[Opening Dataset records section]
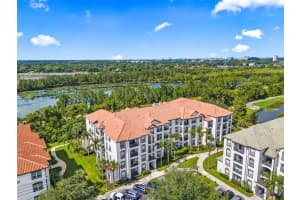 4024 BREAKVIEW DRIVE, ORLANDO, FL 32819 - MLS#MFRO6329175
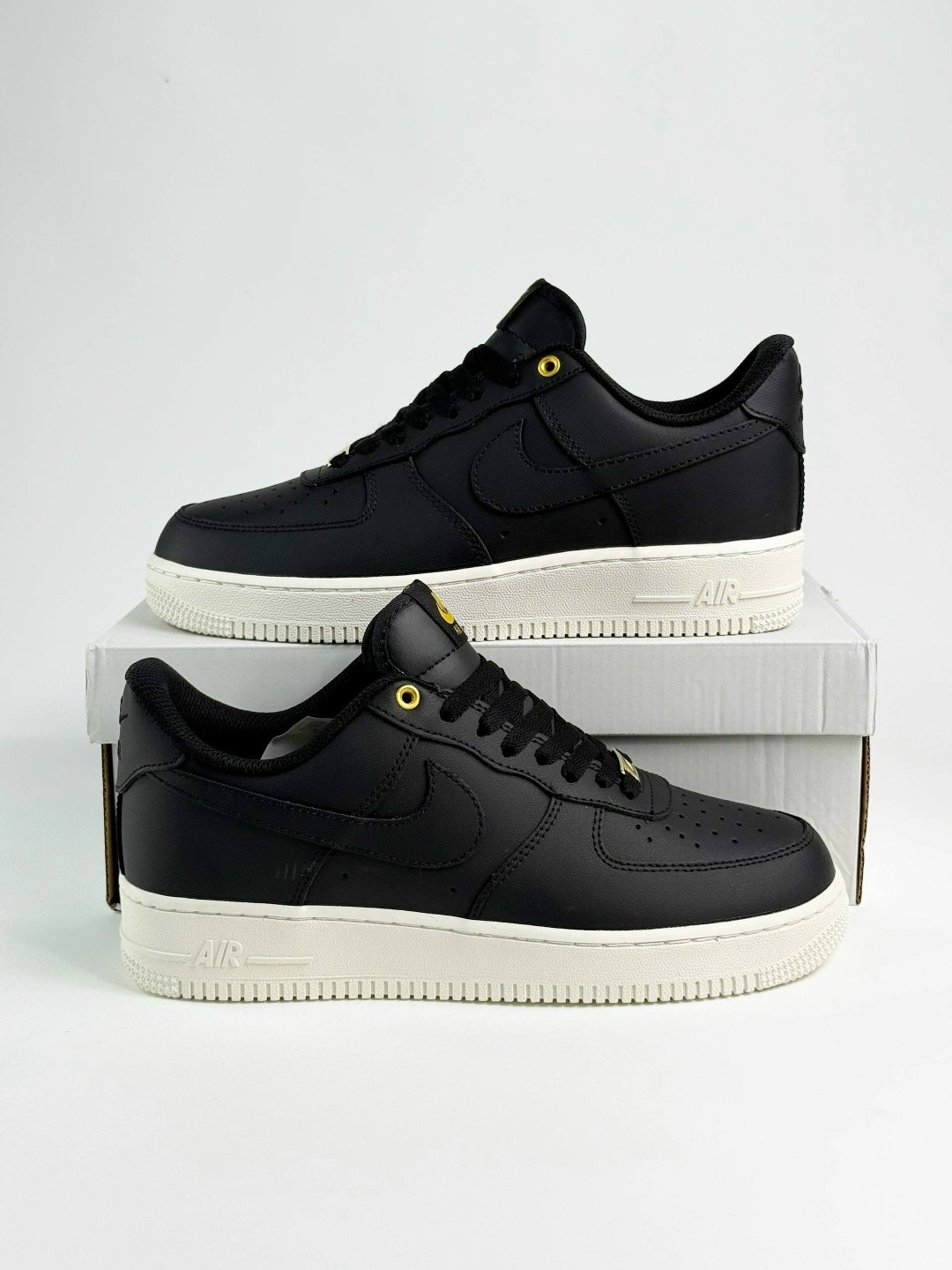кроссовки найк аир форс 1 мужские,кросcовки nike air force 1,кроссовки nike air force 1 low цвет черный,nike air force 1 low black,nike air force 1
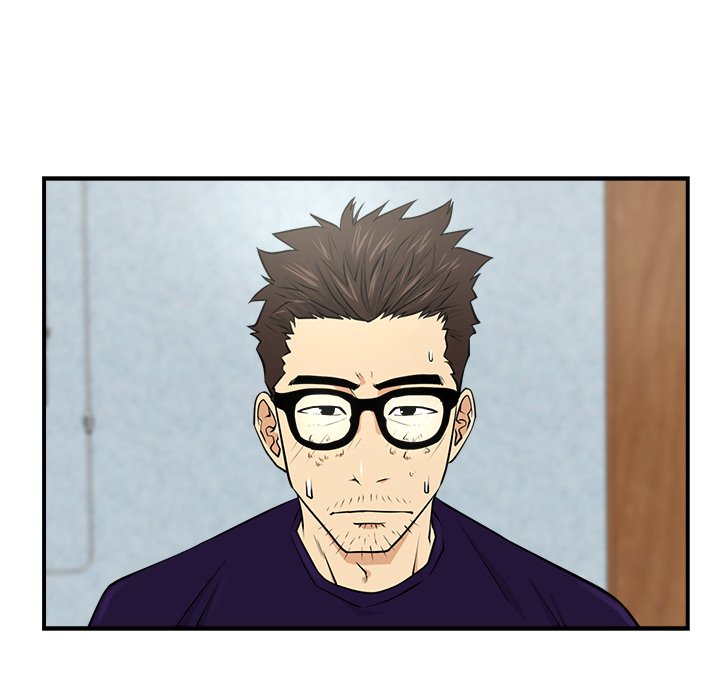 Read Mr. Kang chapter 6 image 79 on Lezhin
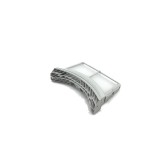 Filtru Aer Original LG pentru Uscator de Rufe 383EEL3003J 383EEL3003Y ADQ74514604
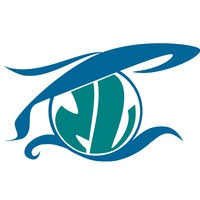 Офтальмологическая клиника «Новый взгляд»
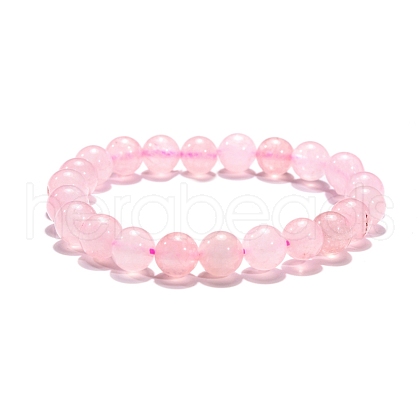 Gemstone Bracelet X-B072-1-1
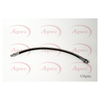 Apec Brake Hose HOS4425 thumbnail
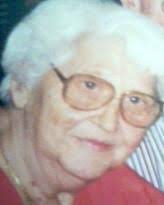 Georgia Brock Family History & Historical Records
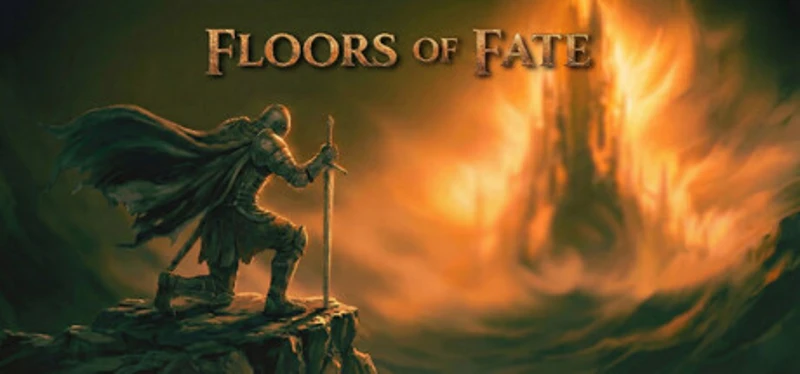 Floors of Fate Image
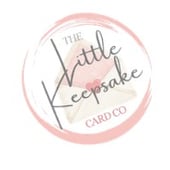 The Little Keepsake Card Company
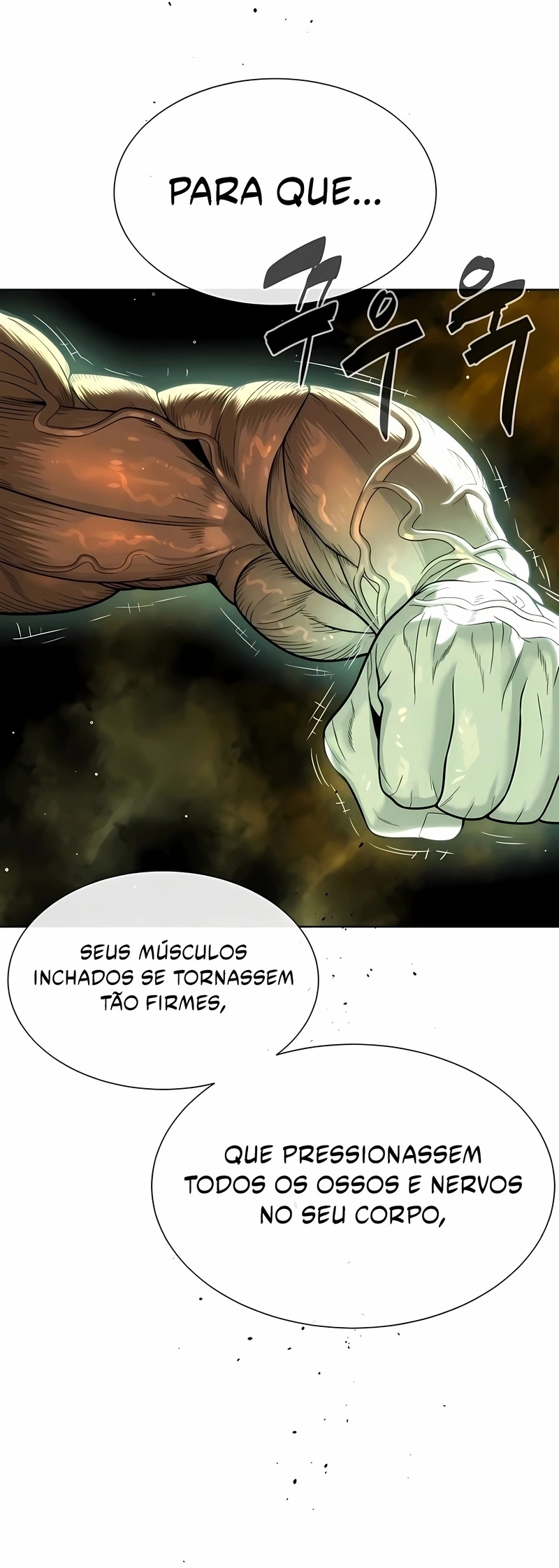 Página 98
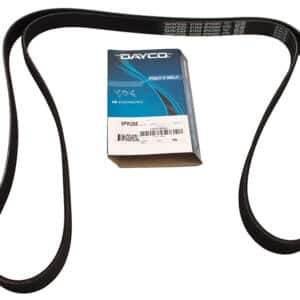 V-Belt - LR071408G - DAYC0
[Closing Dataset records section]
Task instructions:
Give the data above again exactly. Leave the pictures out.

Solution to this problem:
 4024 BREAKVIEW DRIVE, ORLANDO, FL 32819 - MLS#MFRO6329175
кроссовки найк аир форс 1 мужские,кросcовки nike air force 1,кроссовки nike air force 1 low цвет черный,nike air force 1 low black,nike air force 1
 Read Mr. Kang chapter 6 image 79 on Lezhin
 Filtru Aer Original LG pentru Uscator de Rufe 383EEL3003J 383EEL3003Y ADQ74514604
 Офтальмологическая клиника «Новый взгляд»
 Gemstone Bracelet X-B072-1-1
 Apec Brake Hose HOS4425 thumbnail
 Georgia Brock Family History & Historical Records
 Floors of Fate Image
 The Little Keepsake Card Company
 Página 98
 V-Belt - LR071408G - DAYC0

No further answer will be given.